Slide 14.3: How K-nearest neighbor (kNN) algorithm works?

How kNN Algorithm Works?

K-nearest neighbor algorithm works based on minimum distance from the query instance to the training samples to determine the K-nearest neighbors. After we gather K nearest neighbors, we take simple majority of these K-nearest neighbors to be the prediction of the query instance.

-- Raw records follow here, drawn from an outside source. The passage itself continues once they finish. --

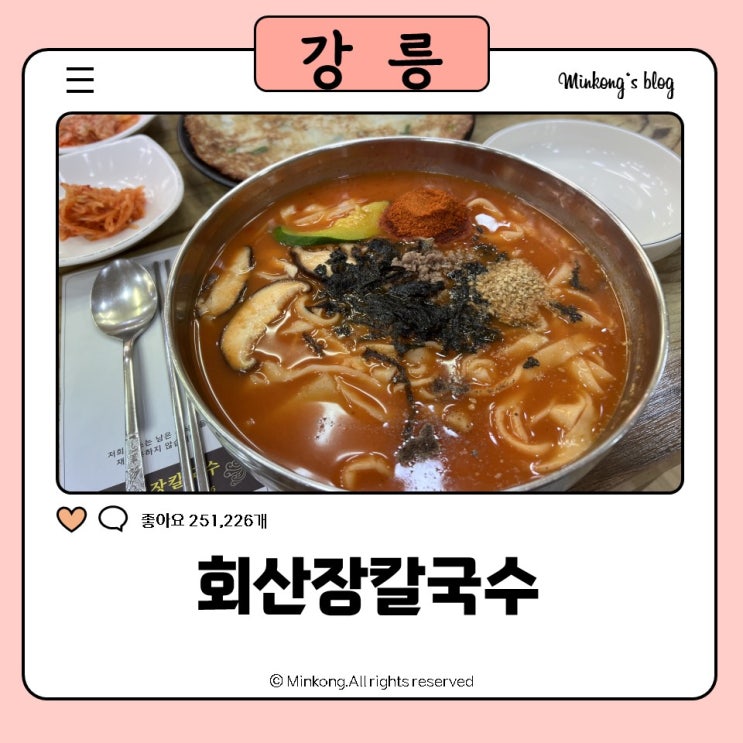  회산장칼국수 : 강릉 장칼국수 맛집으로 유명한 현지인맛집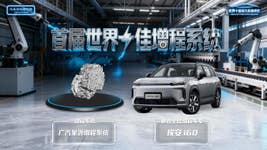 PR Newswire associated0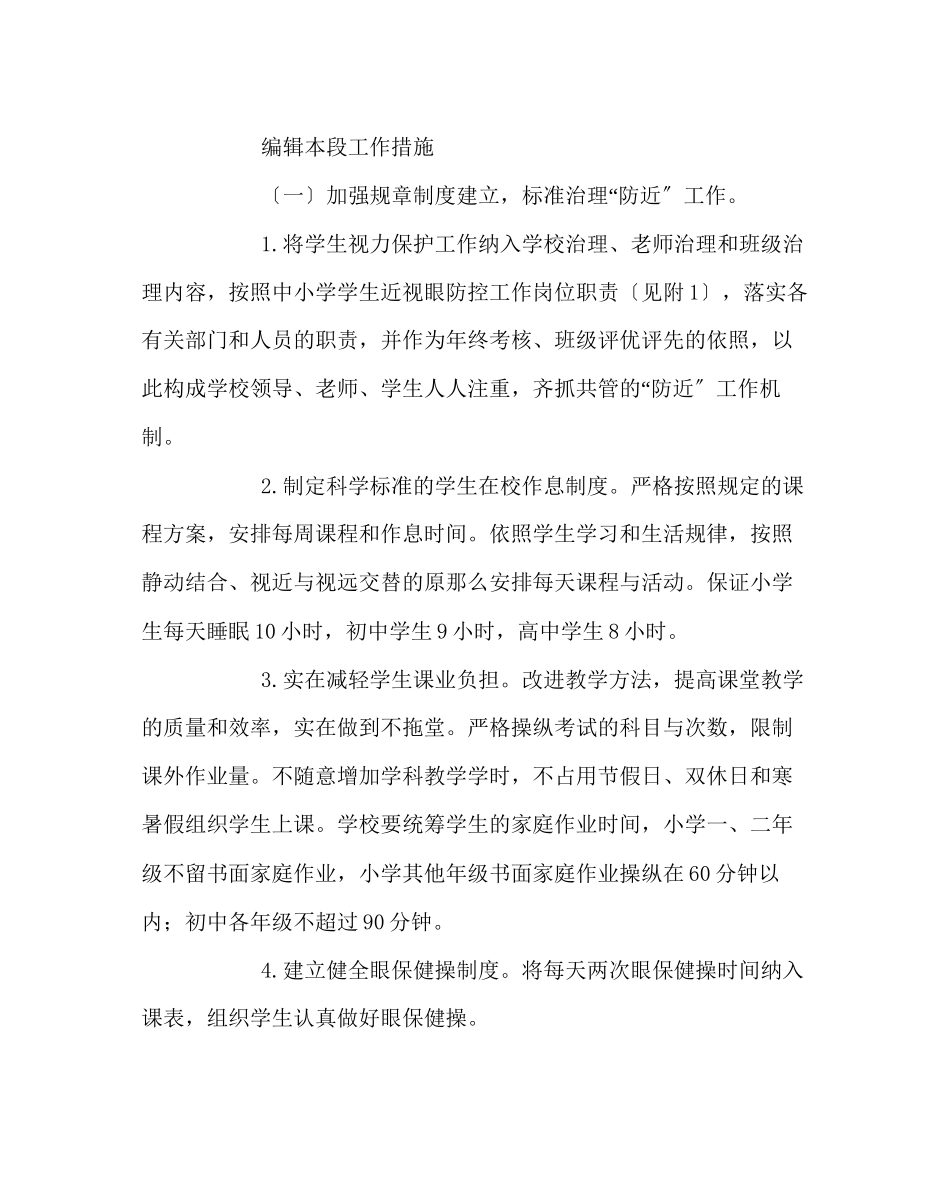 2023年政教处范文学生近视眼防控工作方案.docx_第2页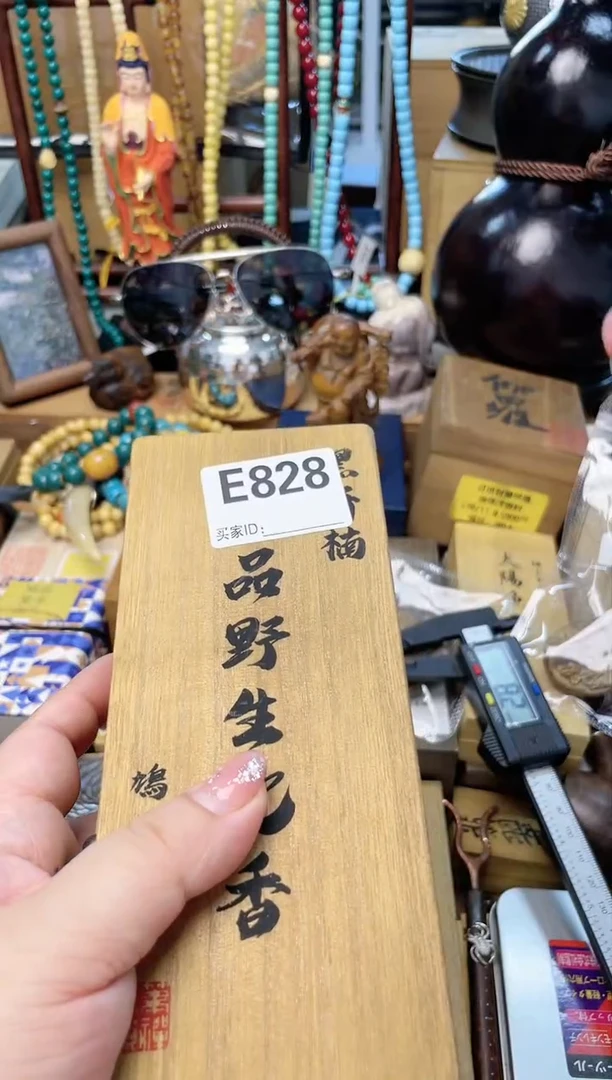 瓷片E828炎美杂货铺质量保证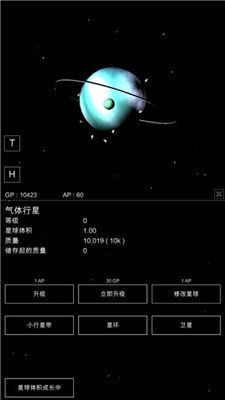 沙盒星球模擬器(SandboxPlanet)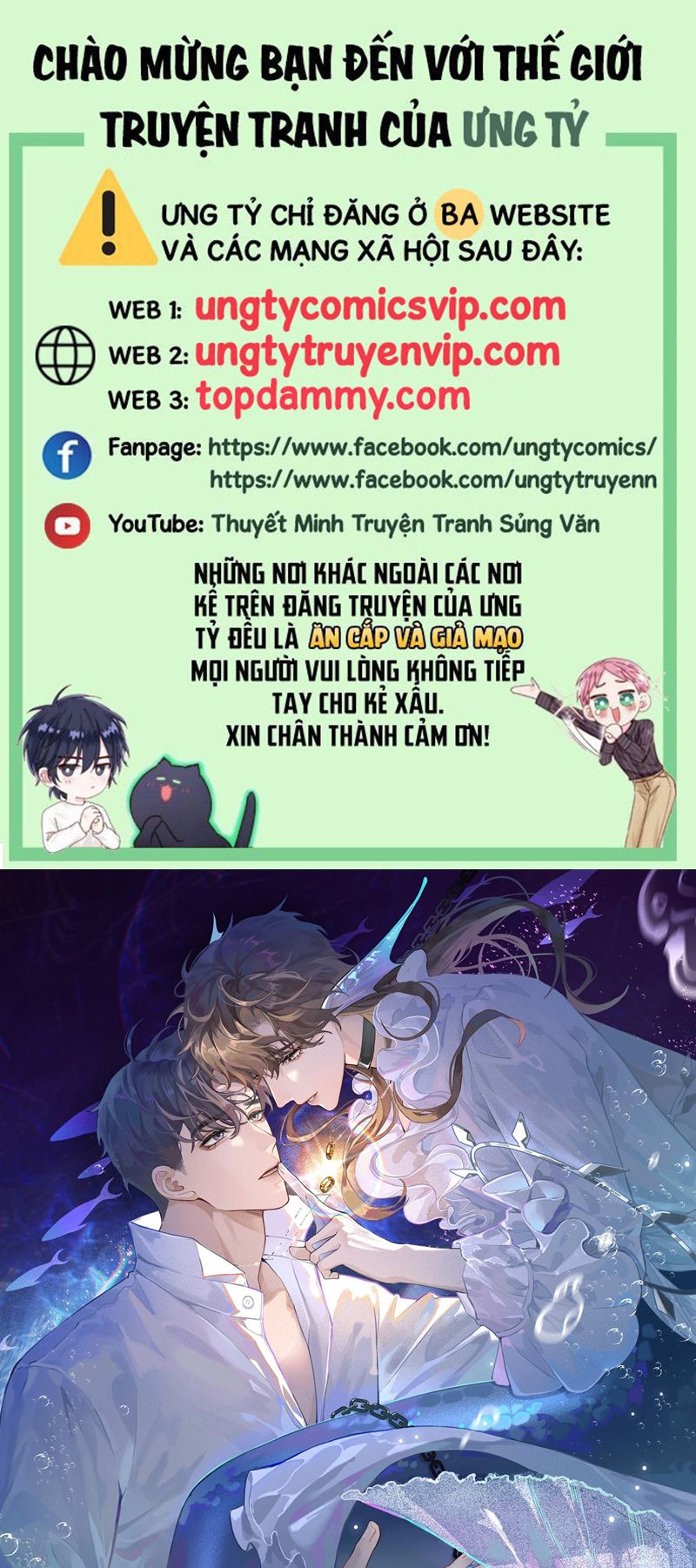 Dior Tiên Sinh Chap 88 - Next Chap 88
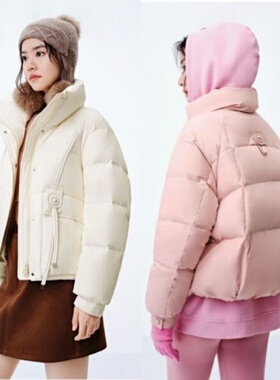 特价款女装休闲短款羽绒服半成品九成品24085衣皮壳翻新定制加工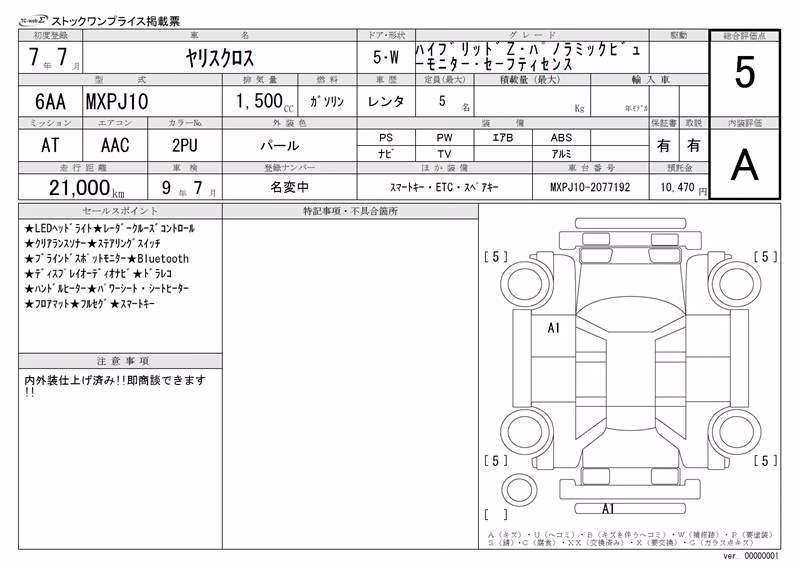 TOYOTA YARIS CROSS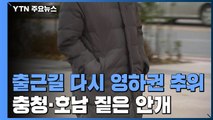 [날씨] 출근길, 다시 영하권 추위...동해안 대기 건조 / YTN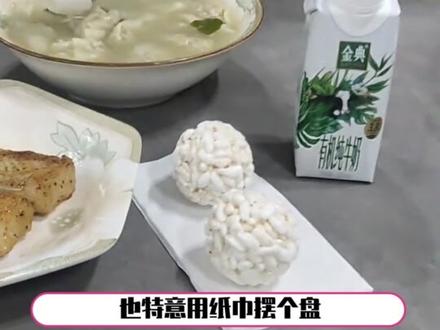 其实我也想吃阿姨的早餐 #母子日常 #搞笑 #高中 #丽萍要不问问孩子想吃啥呢 #丽萍你到底吃过早餐没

The data for kNN algorithm consist of several multivariate attributes name X_i that will be used to classify Y. The data of kNN can be any measurement scale from ordinal, nominal, to quantitative scale but for the moment let us deal with only quantitative X_i and binary (nominal) Y. The last row is the query instance that we want to predict. The graph of this problem is shown below. Suppose we determine K=8 (we will use 8 nearest neighbors) as parameter of this algorithm. Because we use only quantitative X_i , we can use Euclidean distance. Suppose the query instance have coordinates (x₁^q, x₂^q) and the coordinate of training sample is (x₁^t, x₂^t), then square Euclidean distance is d_tq² = (x₁^t-x₁^q)²+(x₂^t-x₂^q)². If you have more than 2 variables, you can use Euclidean distance formula:

d_ij = (Σ_k(x_ik-x_jk)²)^½

For example, distance between objects A=(1,1) and B=(1.5,1.5) is computed as

d_AB = ((1-1.5)²+(1-1.5)²)^½ = 0.5^½ = 0.7071

Another example of distance between objects D=(3,4) and F=(3,3.5) is computed as

d_DF = ((3-3)²+(4-3.5)²)^½ = 0.5